Sto parlando – e se ne parla argutamente nel libro – di un “assetto civile” obliterato (a mo’ dei biglietti dell’autobus che non valgono più) dall’inarrestabile (?) progresso. Si ragiona di quando la classe operaia faticava di brutto all’Acciaieria, dove il maglio gigante batteva clamorosamente la mazza; quella classe operaia non andava certo in paradiso, però ci andava in bicicletta, senza far rumore e senza inquinare l’aria, in file gremite, i ritardatari pigiando i pedali come il vignaiolo – a quel tempo – acciaccava l’uva, con i piedi, nella “pistarola”. Oggi, all’interno della fabbrica, ci sono i parcheggi; allora invece le “rastrelliere” e le biciclette appese ai ganci, similmente alle mezzene dei bovini dentro il frigorifero della macelleria. Per chi veniva da lontano, funzionavano le “corse operaie”. La prima motorizzazione di massa, fu realizzata dalla Soc. Terni. Vendette ai suoi dipendenti un (pigro) ciclomotore (si chiamava “Paperino”), con ritiro del prezzo a rate sulla busta paga. Sono, queste che io ho aggiunto, “scene di vita” che – ai puri di cuore, con un bel po’ di primavere addosso – fanno tenerezza quanto quelle narrate nel libro di Gabriele Paccoi.
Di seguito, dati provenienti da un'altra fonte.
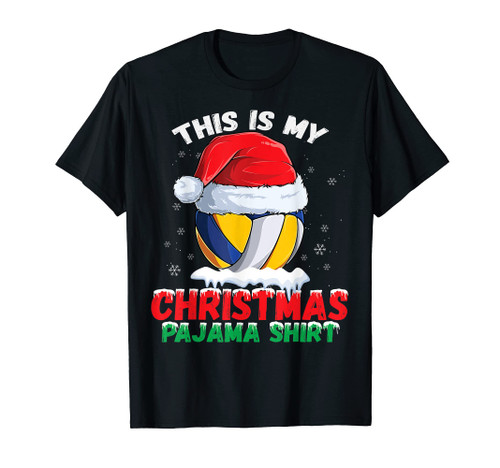 This Is My Christmas Pajama Shirt Volleyball Santa Hat Boys T-Shirt This Is My Christmas Pajama Shirt Volleyball Santa Hat Boys T-Shirt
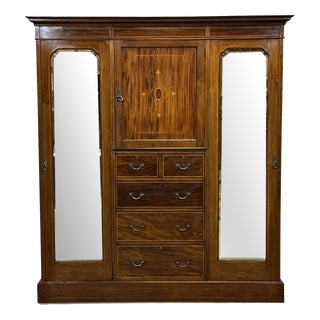 19th Century English Mahogany Wardrobe For Sale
Dalle numerose foto, s’affacciano le immagini della città scomparsa: gli orti appena fuori la cinta daziaria, il glorioso campo di calcio di Viale Brin, il tram che attraversava il centro urbano, le mura antiche, le monumentali porte d’accesso e di difesa, molti palazzi di pregio, vecchie piazze e strade, poi massacrate dai bombardamenti. Insomma, pur senza velleità letterarie, il simpatico libro “Giranno pe’ Terni” si fa leggere con curiosità ed interesse, perché offre uno spaccato autentico di vita vissuta, appartenente ad un’ epoca che non è ancora storia, ma è ormai uscita dalla cronaca e dal costume. Sarebbe un peccato disperdere soprattutto i valori appartenenti ad una tradizione, ad un folklore locale che sanno di cultura popolare e di genuine rimembranze. Dell’albero della vita si possono tagliare i rami, ma le radici no.